Soljenitsyne, grand-Russe chauvin et écrivain génial, a bien exprimé ces tourments dans ses derniers écrits, où il plaidait en même temps pour une affirmation agressive de l’empire (en particulier en Ukraine) et pour le rejet des ambitions impériales qui ont toujours été funestes pour la Russie («d’inutiles objets extérieurs»), c’est-à-dire pour un repli sur soi-même afin de régénérer la culture russe à l’abri du cours du monde, «bâtir une Russie morale», en tournant le dos aussi bien à la catastrophe soviétique qu’à la décadence occidentale.

«Notre peuple va-t-il être ou ne pas être?», le mot «russe» devra-t-il être rayé des dictionnaires dans un siècle?, se demande Soljenitsyne. Chez lui, comme chez Thomas Mann dans sa période pangermaniste, il y a une sorte de lucidité au milieu de l’exaltation de «l’Union des peuples slaves de l’est», une lucidité qui lui fait voir les contradictions du projet russe, son oscillation entre nation normale et empire religieux («Les visées d’un grand empire et la santé morale d’un peuple sont incompatibles. […] Nous ne devons pas chercher à nous étendre large, mais à conserver notre esprit national dans le territoire qui nous restera»), comme elle lui fait voir la dangereuse naïveté des lieux communs sur la bonté et le sens communautaire russes, même s’il y cède quand même. L’Ukraine est bien sûr le point le plus aveugle de la lucidité dans l’aveuglement de Soljenitsyne, aussi sa lecture est-elle parfois pénible. Mais nous devrions surmonter la colère et la déception pour le lire et le relire encore afin de comprendre le malaise russe, de trouver le moyen de briser le sortilège qui enferme aujourd’hui la Russie dans ses rêveries agressives et la ramener dans le concert des nations.

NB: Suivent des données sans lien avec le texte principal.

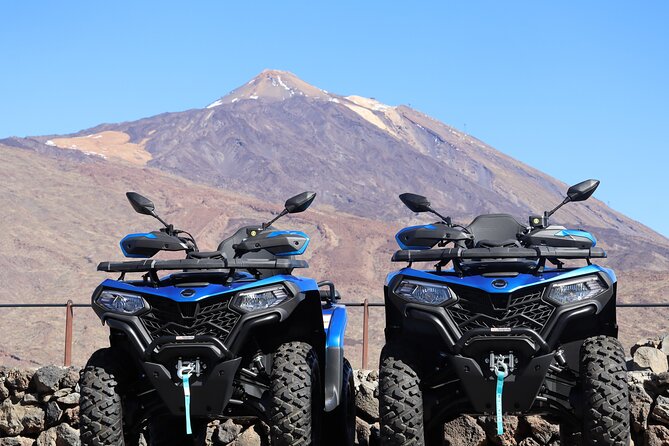 Puerto de la Cruz: Quad Teide National Park - Quads, safety, and who should drive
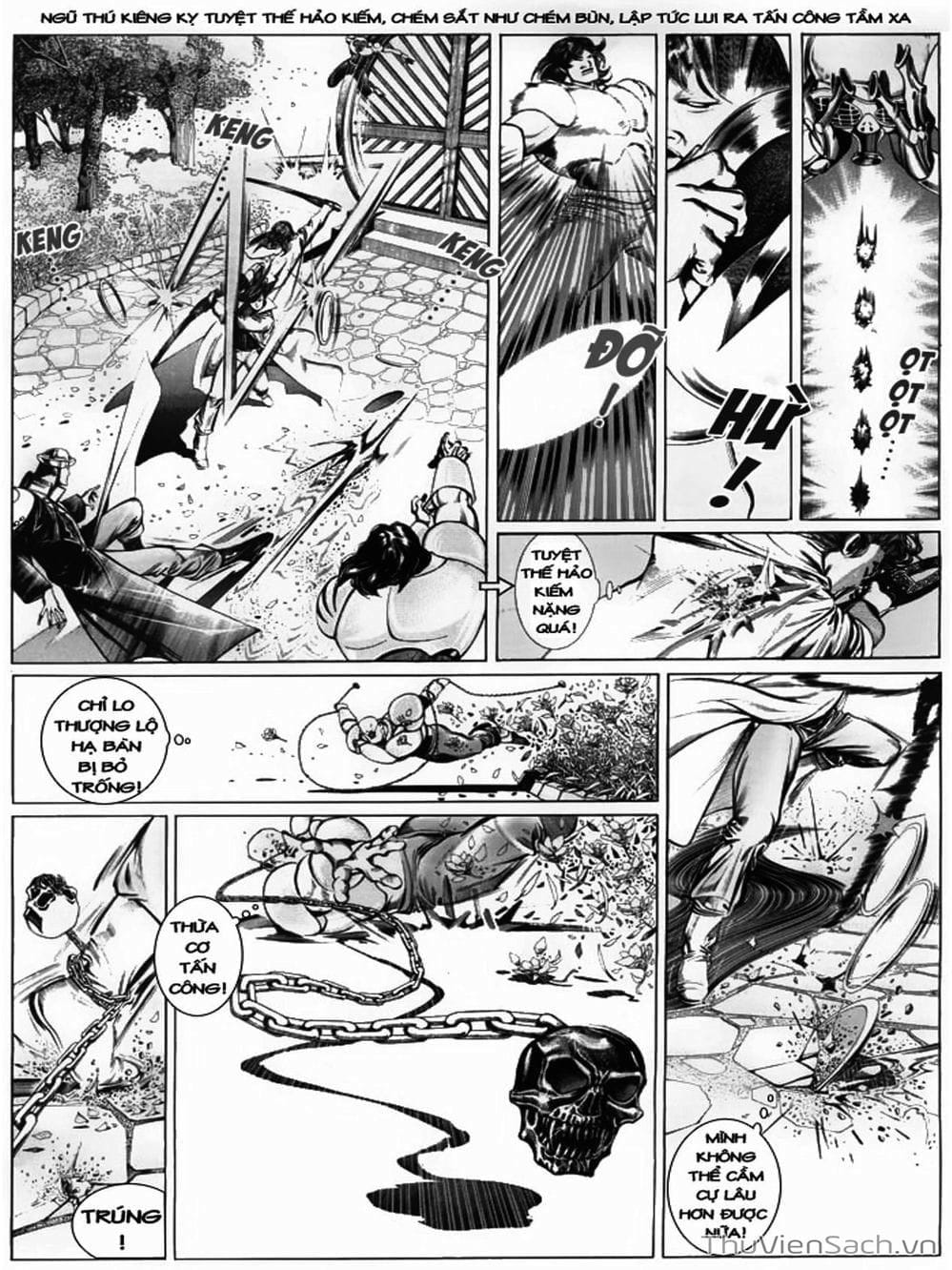 Truyện Tranh Phong Vân Manhua trang 4029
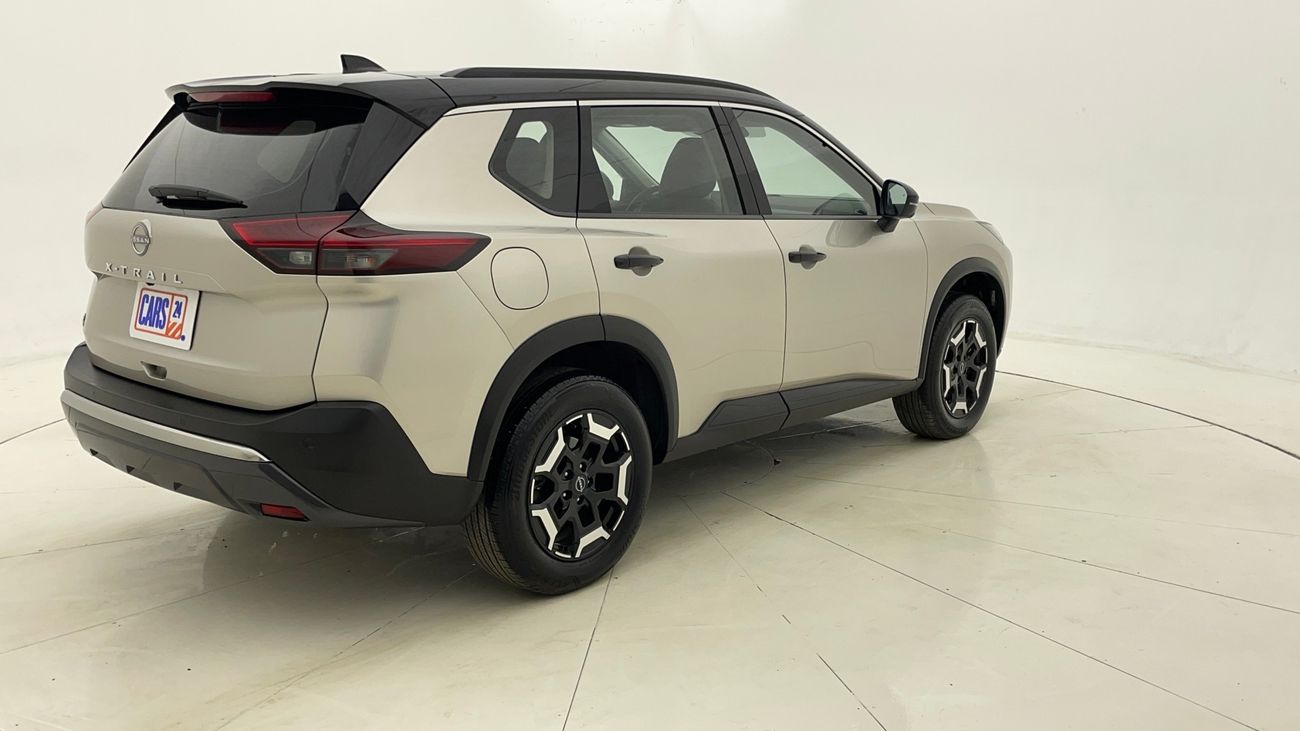 نيسان إكس تريل N TREK 2.5 | بدون دفعة مقدمة | اختبار القيادة في المنزل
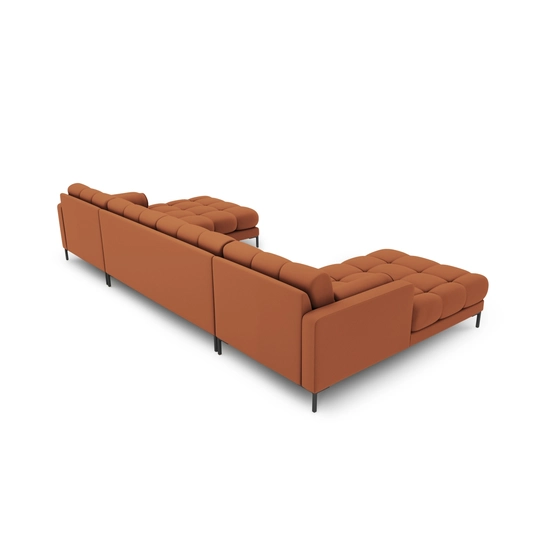 Panoramic Sofa, "Bali", 7 Seats, 383x185x75 Made in Europe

La force de Poutine ne tient pas seulement à son culot et à son cynisme d’espion, elle vient aussi de sa capacité à être la voix du malaise existentiel et géopolitique russe et à faire espérer une sortie par la force du marasme russe. Mais ce malaise montre la faiblesse au cœur de l’agressivité russe, les points sur lesquels nous devons, nous Européens, ouvrir un dialogue avec les Russes qui aspirent réellement à une désoviétisation.

Ils ne sont pas un peuple entier comme les Ukrainiens, seulement quelques individus, mais l’avenir est avec eux. Les sanctions politiques et économiques sont nécessaires, elles seront efficaces si elles sont massives et persévérantes, mais il ne faut pas oublier un autre genre de mesure: le procès du communisme soviétique, qui ne peut advenir que de l’intérieur de la Russie.

Cet article est originellement paru en ukrainien et en anglais dans l'hebdomadaire ukrainien Ukrainski Tyzhden.